I recently made the goal to read at least one book from each category of the 2020 Goodreads Book Choice. In the process, I discovered a few books that were nominated that featured Black children. I was genuinely excited to read them because it wasn’t something I had seen that often before. When choosing the nominated books, I also chose other books I found in the library that had Black children as the focus in their stories. Below are my reviews of each of them.
Bedtime Bonnet by Nancy Amanda Redd
This story focuses on a little girl as she tries to find her bonnet before bedtime. Not only does the flow of the writing work well when reading out loud, but the artwork is beautiful. This is especially so when showing the different textures of the hairstyles. Whether it’s the waves on the dad’s head or the curls in grandma’s hair, great detail is provided.
Even though this is a simple story that I have come across many times before, it still works in incorporating unique pieces of their life. The only downside to the story is that it is written in a way that doesn’t really lend itself to being read out loud. The flow was not the best, and I lost out on any fun it could have had.

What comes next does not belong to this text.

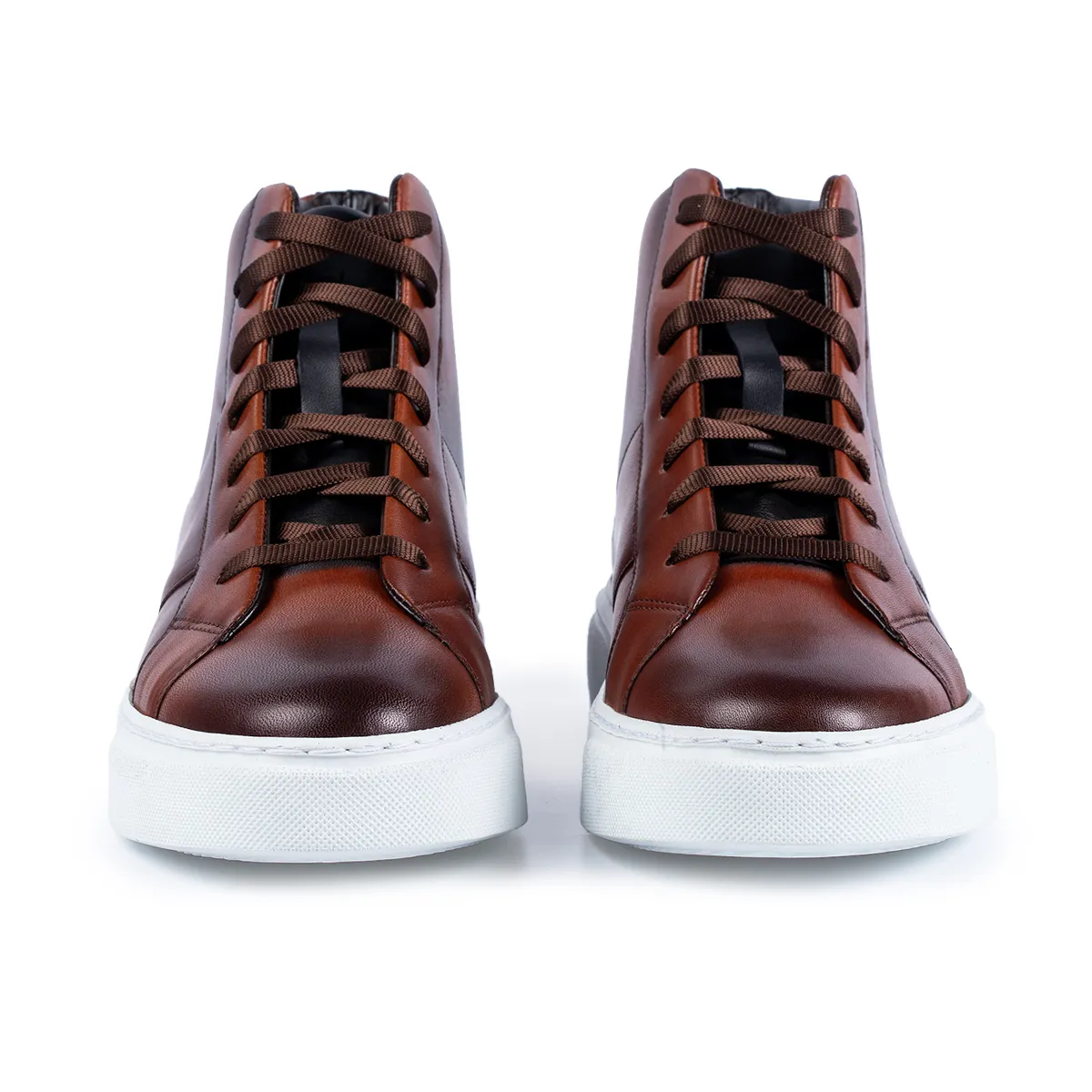 Lucas Shoes 855 ghete barbati coniac piele toamna-iarna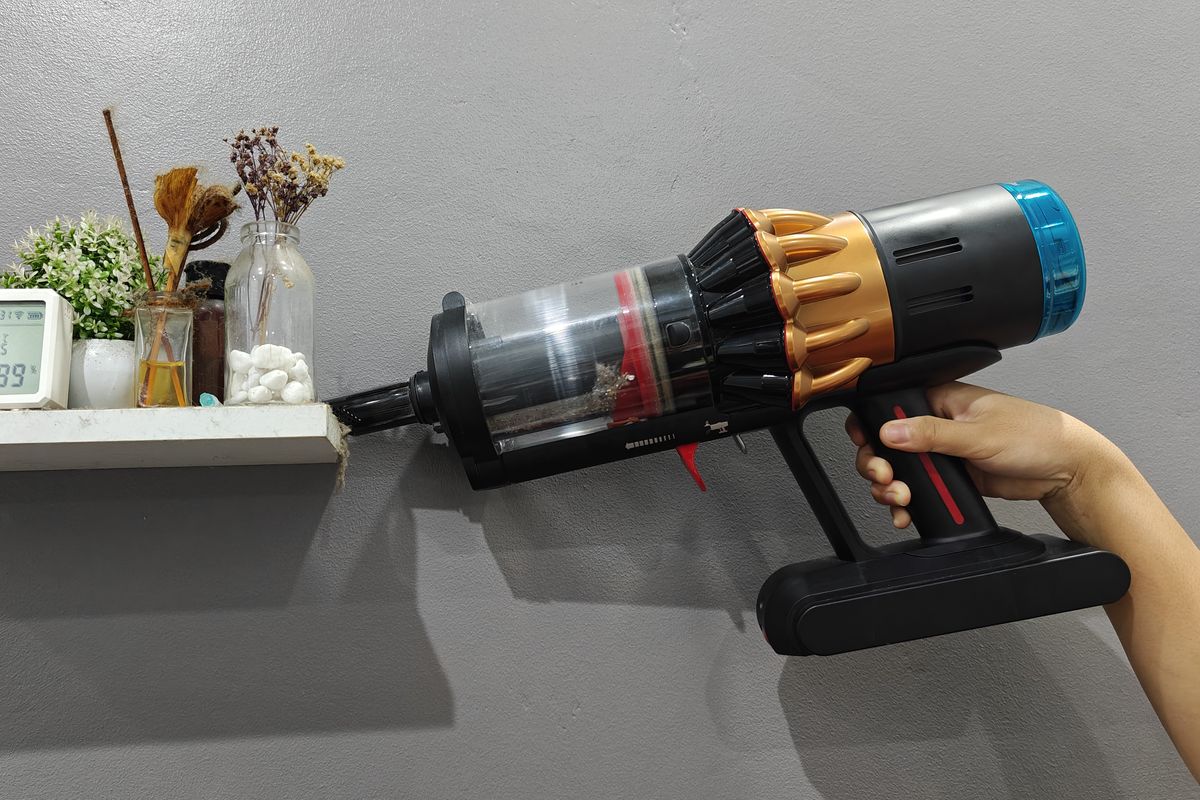 Dyson, Dyson V16 Piston Animal, vacuum cleaner, vacuum, Review Dyson V16 Piston Animal: Sedotan Kencang Suara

Antiracist Baby by Ibram X. Kendi
If I ever heard of a picture book talked about more than this one, then it has definitely been a while. From the title, to the art, and to the message, everything about this book is engaging. However, it’s more engaging for the parents and adults who would read it rather than the kids who it would be read to. While the intentions are all there, it doesn’t do a great job in reaching its target audience.
From the title to the words woven throughout the book, this book has a strong and positive message. Even though at times it can be very repetitive, it was still an enjoyable read that works well in being read out loud with images showing diversity across the board.
Just Like Me by Vanessa Brantley-Newton
Just like the title, the poems throughout will introduce characters and scenarios that are relatable and make people feel seen. All of the poems have positive messages, and the diversity seen in the art is amazing.